→ WHAT NEEDS TO BE DONE
Your answer should be every line from the records that contains "Premium".
******
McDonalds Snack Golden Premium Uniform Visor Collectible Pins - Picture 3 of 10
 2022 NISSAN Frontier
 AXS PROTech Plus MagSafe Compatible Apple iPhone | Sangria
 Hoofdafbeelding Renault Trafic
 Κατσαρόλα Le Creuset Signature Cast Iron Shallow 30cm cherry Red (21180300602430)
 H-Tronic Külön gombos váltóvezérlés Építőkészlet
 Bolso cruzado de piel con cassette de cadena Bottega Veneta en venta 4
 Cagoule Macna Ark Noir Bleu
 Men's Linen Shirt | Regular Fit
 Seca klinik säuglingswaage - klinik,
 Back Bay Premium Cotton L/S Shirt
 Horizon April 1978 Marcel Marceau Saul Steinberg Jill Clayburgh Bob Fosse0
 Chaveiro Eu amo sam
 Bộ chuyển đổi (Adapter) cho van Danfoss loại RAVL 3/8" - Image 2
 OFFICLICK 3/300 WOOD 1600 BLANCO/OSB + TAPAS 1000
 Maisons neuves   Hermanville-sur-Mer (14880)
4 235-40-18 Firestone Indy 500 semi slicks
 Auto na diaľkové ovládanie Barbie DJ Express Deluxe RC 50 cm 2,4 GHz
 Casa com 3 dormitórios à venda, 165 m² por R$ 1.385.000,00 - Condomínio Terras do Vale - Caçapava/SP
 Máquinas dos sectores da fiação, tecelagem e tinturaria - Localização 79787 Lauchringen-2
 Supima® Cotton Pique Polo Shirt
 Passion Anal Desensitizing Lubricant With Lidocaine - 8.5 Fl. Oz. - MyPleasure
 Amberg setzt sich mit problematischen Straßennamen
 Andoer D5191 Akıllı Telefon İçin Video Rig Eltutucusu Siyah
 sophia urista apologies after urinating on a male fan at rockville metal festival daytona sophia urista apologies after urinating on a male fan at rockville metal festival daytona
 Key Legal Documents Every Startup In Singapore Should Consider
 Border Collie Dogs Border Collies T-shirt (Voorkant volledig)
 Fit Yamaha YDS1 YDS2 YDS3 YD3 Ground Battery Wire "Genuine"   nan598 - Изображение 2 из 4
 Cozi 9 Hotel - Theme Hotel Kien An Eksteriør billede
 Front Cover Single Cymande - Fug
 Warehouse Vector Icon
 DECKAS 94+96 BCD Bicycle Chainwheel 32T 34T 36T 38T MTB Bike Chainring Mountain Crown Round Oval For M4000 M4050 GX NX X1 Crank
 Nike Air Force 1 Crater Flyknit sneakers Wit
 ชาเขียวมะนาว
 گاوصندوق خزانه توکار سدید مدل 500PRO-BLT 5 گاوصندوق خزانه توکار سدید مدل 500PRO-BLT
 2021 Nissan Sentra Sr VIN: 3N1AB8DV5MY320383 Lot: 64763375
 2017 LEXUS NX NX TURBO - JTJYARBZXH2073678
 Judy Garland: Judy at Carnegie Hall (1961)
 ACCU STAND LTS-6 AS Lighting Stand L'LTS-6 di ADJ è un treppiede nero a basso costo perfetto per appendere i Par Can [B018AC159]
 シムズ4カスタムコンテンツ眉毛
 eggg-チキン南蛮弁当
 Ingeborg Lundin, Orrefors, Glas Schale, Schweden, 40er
******
→ SOLUTION TO THIS EXERCISE
McDonalds Snack Golden Premium Uniform Visor Collectible Pins - Picture 3 of 10
 Back Bay Premium Cotton L/S Shirt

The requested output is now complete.